By Andrew Good
Thought your Internet speeds were slow? Try being a space scientist for a day.
The vast distances involved will throttle data rates to a trickle. You’re lucky if a spacecraft can send more than a few megabits per second (Mbps) -- a pittance even by dial-up standards.
But we might be on the cusp of a change. Just as going from dial-up to broadband revolutionized the Internet and made high-resolution photos and streaming video a given, NASA may be ready to undergo a similar “broadband” moment in coming years.
The key to that data revolution will be lasers. For almost 60 years, the standard way to “talk” to spacecraft has been with radio waves, which are ideal for long distances. But optical communications, in which data is beamed over laser light, can increase that rate by as much as 10 to 100 times.
High data rates will allow researchers to gather science faster, study sudden events like dust storms or spacecraft landings, and even send video from the surface of other planets. The pinpoint precision of laser communications is also well suited to the goals of NASA mission planners, who are looking to send spacecraft farther out into the solar system.
“Laser technology is ideal for boosting downlink communications from deep space,” said Abi Biswas, the supervisor of the Optical Communications Systems group at NASA’s Jet Propulsion Laboratory, Pasadena, California. “It will eventually allow for applications like giving each astronaut his or her own video feed, or sending back higher-resolution, data-rich images faster.”
Science at the speed of light
Both radio and lasers travel at the speed of light, but lasers travel in a higher-frequency bandwidth. That allows them to carry more information than radio waves, which is crucial when you’re collecting massive amounts of data and have narrow windows of time to send it back to Earth.
A good example is NASA's Mars Reconnaissance Orbiter, which sends science data at a blazing maximum of 6 Mbps. Biswas estimated that if the orbiter used laser comms technology with a mass and power usage comparable to its current radio system, it could probably increase the maximum data rate to 250 Mbps.
That might still sound stunningly slow to Internet users. But on Earth, data is sent over far shorter distances and through infrastructure that doesn’t exist yet in space, so it travels even faster.
Increasing data rates would allow scientists to spend more of their time on analysis than on spacecraft operations.
“It’s perfect when things are happening fast and you want a dense data set,” said Dave Pieri, a JPL research scientist and volcanologist. Pieri has led past research on how laser comms could be used to study volcanic eruptions and wildfires in near real-time. “If you have a volcano exploding in front of you, you want to assess its activity level and propensity to keep erupting. The sooner you get and process that data, the better.”

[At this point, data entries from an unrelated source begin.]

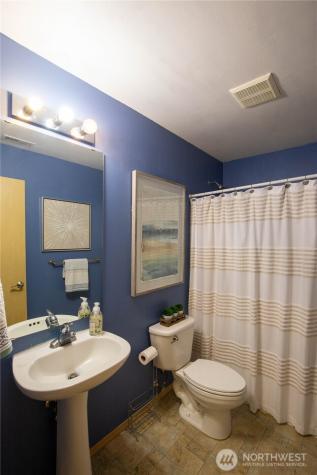 33219 41st Place S Federal Way WA 98001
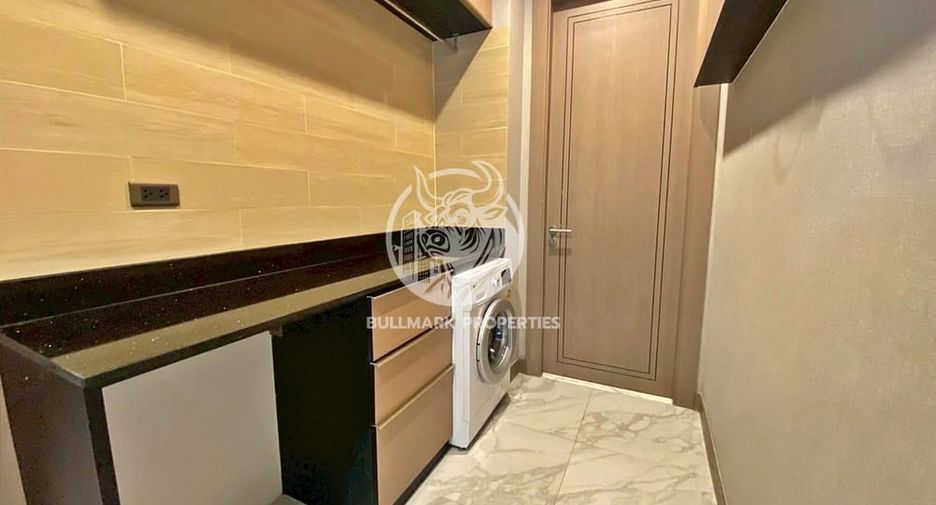 For rent 4 bedrooms house in Huay Yai, Pattaya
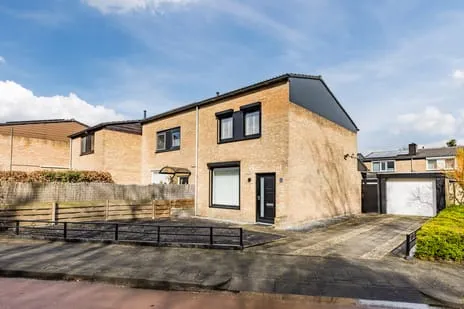 Hoekwoning te koop: Beneluxlaan 11, West 1 Dongen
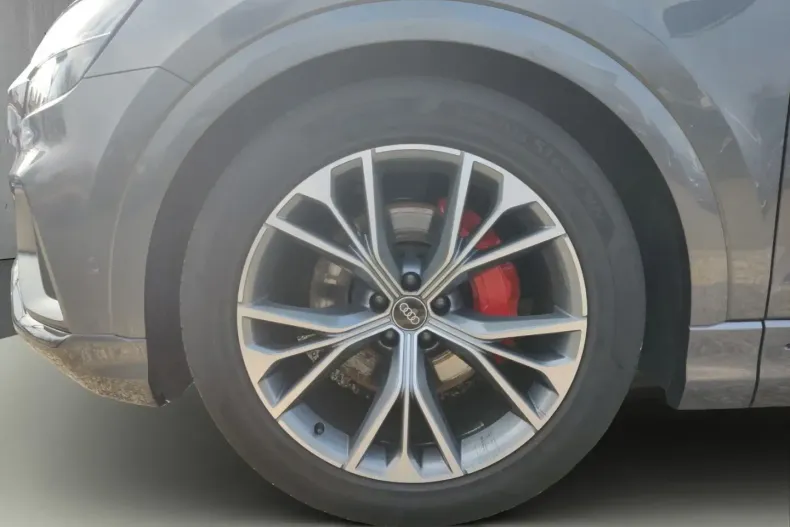 Audi Q8 din 2021 cu 54.100 km - oferta AUD120635 - foto 23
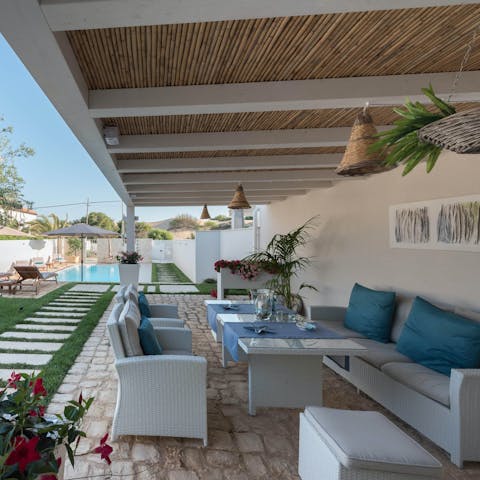 Indulge in an alfresco meal on the covered terrace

That same technology could apply to erupting cryovolcanoes on icy moons around other planets. Pieri noted that compared to radio transmission of events like these, "laser comms would up the ante by an order of magnitude.”
Clouding the future of lasers
That’s not to say the technology is perfect for every scenario. Lasers are subject to more interference from clouds and other atmospheric conditions than radio waves; pointing and timing are also challenges.
Lasers also require ground infrastructure that doesn’t yet exist. NASA's Deep Space Network, a system of antenna arrays located across the globe, is based entirely on radio technology. Ground stations would have to be developed that could receive lasers in locations where skies are reliably clear.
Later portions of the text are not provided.